指導目標に関する対象児の実態(ベースライン)
自由遊びの時間は,校内のスイッチを確認して回ったり,体育館で昼休みに行われている「パラパラ」を見ていたりする。スケジュールの中に「ブランコ」や「トランポリン」の写真カードを入れておくとその遊具の場所に移動して遊ぶことができる。タイムログで「終わり」を理解することができ,次の活動に移ることができる。

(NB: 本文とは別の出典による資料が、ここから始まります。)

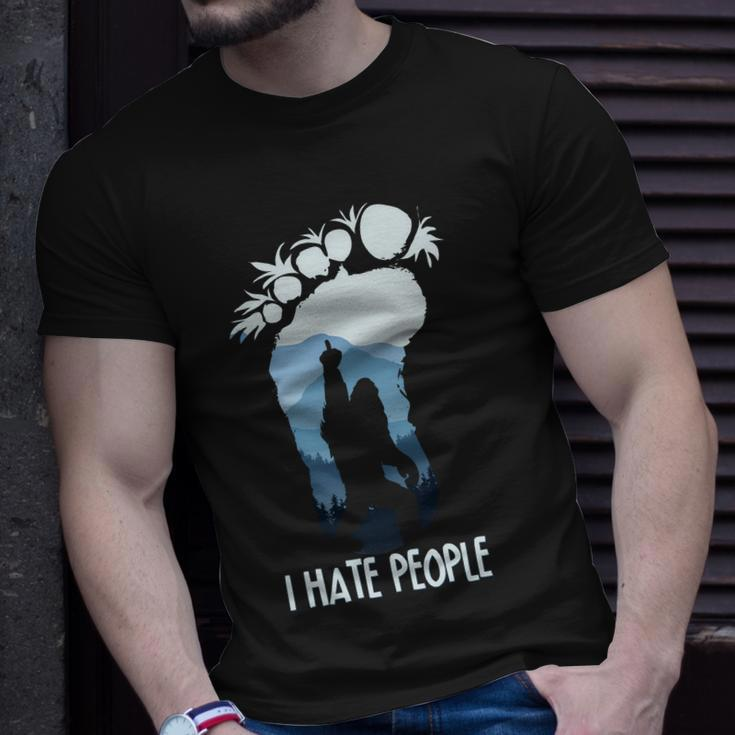 Funny Bigfoot I Hate People Unisex T-Shirt Gifts for Him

1回目は,身体ガイダンスが必要であった。2回目は,選択した遊びの場所に移動して遊ぶことはできた。

般化場面
(1)学校:指導者以外の教師にカードを手渡す

指導場面
2時間目終了後の自由遊び時間

指導手続
ベースライン
 (1)スケジュールボードから指導者の写真カードをはがす。
 (2)写真カードを指導者に手渡す。
 (3)指導者から示されたメニューボードから遊びのカード(1枚)をはがす。指導者は「何で遊ぶ?」の声かけ。
 (4)遊びのカードを指導者に手渡す。
 (5)選択した遊びの場所に移動して遊ぶ。

 対象児の行動を以上5点についてチェックする。10秒たってもできない場合は,身体的ガイダンスを用いる。遊びの終わりは自由とする。
    

訓練期
介入1
 (1)スケジュールボードから指導者の写真カードをはがす。
 (2)写真カードを指導者に手渡す。
 (3)指導者からメニューボードを示され「何で遊ぶ」の声かけをされると,メニューボードから遊びのカード(1枚)をはがす。 
 (4)遊びのカードを指導者に手渡す。
 (5)選択した遊びの場所に移動して遊ぶ。
対象児の行動を以上5点についてチェックする。

指導者は3秒たってもできない場合は,遊びカードを指さす。それでもできない場合は遊びカードの指さし+「ちょうだい」のサインと声かけ,手をメニューボードに導く+「ちょうだい」のサインと声かけ,手を取ってカードをはがさせカードも持った手を指導者の方に向ける+「ちょうだい」の声かけ,の順でプロンプトを行う。遊びの終わりは自由とするが,一つの遊びが5分を超えるときはタイムログで知らせ,トランジッションカードを渡す。 
                   
介入2
 (1)指導者がスケジュールボード横にあるメニューボードに遊びカード(1枚)を貼りながら「何で遊ぶ」の声かけをすると,メニューボードから,遊びカード(1枚)をはがす。
 (2)遊びのカードを指導者に手渡す。
 (3)選択した遊びの場所に移動して遊ぶ。
対象児の行動を以上3点についてチェックする。

指導者は「何で遊ぶ」と声かけをした後,2メートル程離れた位置に立つ。 
プロンプターは3秒たってもできない場合は,手渡しの写真カードを見せる。それでもできない場合は写真カード+「O先生に渡して」の声かけ,メニューボードから遊びカードをはがし子どもに手渡す+「O先生に渡して」の声かけ,手を取ってカードをはがさせカードを持った手を指導者の方に向ける+「O先生に渡して」の声かけ,の順でプロンプトを行う。遊びの終わりは自由とするが,一つの遊びが5分を超えるときはタイムログで知らせ,トランジッションカードを渡す。

介入3      
 チェックする対象児の行動は介入2と同じ。ただし,メニューボードに「指導者に遊びカードを手渡している写真」を予め貼り付けておく。また,遊びカードに緑の枠をつける。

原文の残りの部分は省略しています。